- [WHAT YOU NEED TO DO] Set down the listing exactly as given, minus images.

[DATA EXTRACT Boundary: Start]

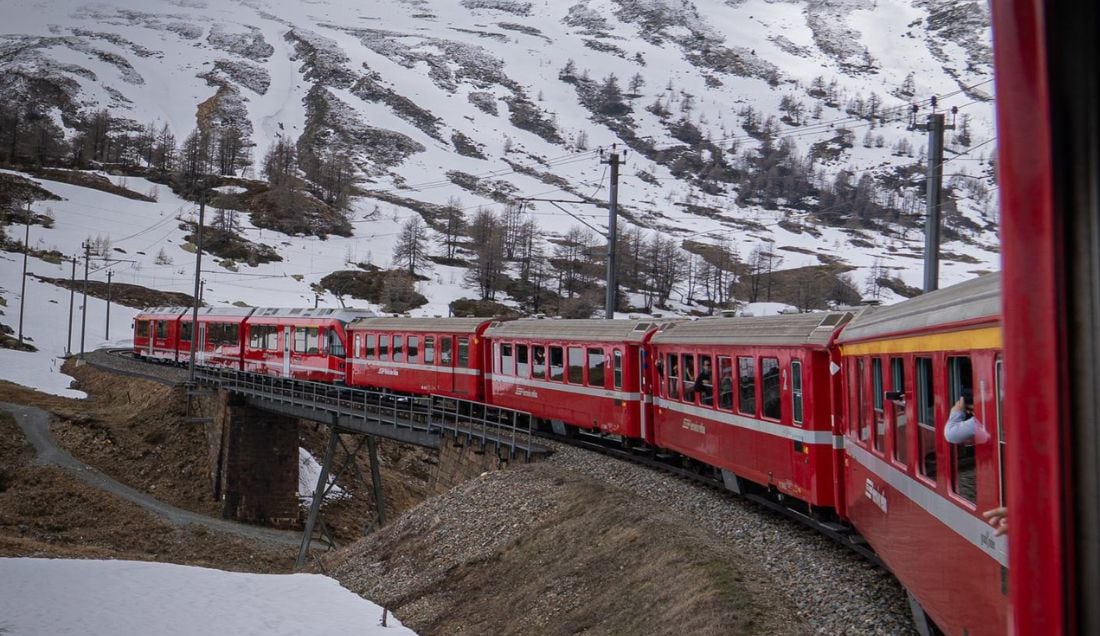 Experience the Bernina Express and take a train ride through the beautiful Swiss Alps. 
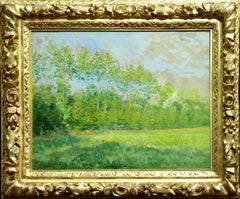 Un Coin a Bonneuil - 19th Century Oil, Summer Trees Landscape by Victor Lecomte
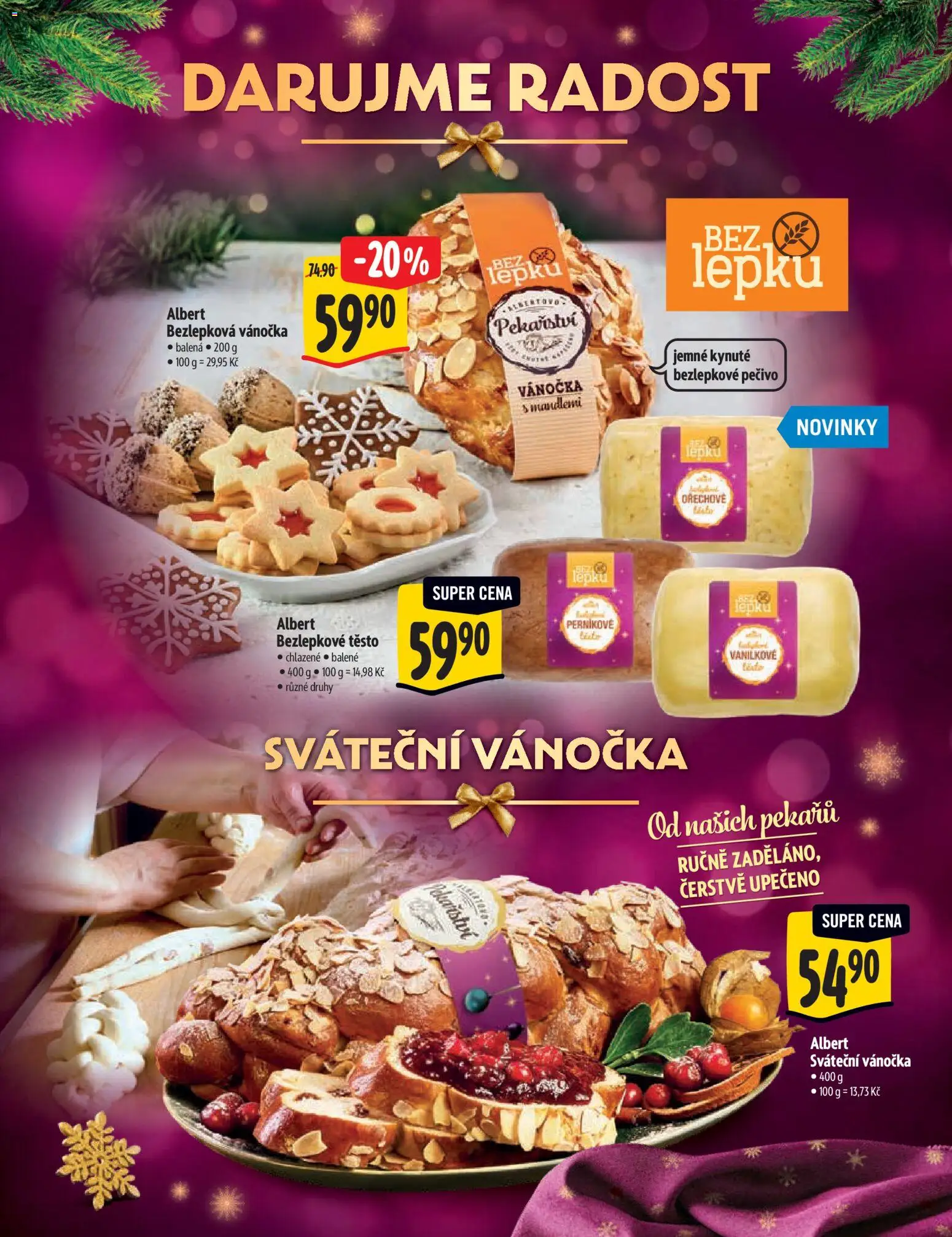 Albert katalog - Hypermarket od 29.10.2025 | Strana: 48 | Produkty: Bezlepkové pečivo, Pečivo, Vánočka, Těsto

[DATA EXTRACT Boundary: End]

- [FINISHED TASK]
 Experience the Bernina Express and take a train ride through the beautiful Swiss Alps. 
 Un Coin a Bonneuil - 19th Century Oil, Summer Trees Landscape by Victor Lecomte
 Albert katalog - Hypermarket od 29.10.2025 | Strana: 48 | Produkty: Bezlepkové pečivo, Pečivo, Vánočka, Těsto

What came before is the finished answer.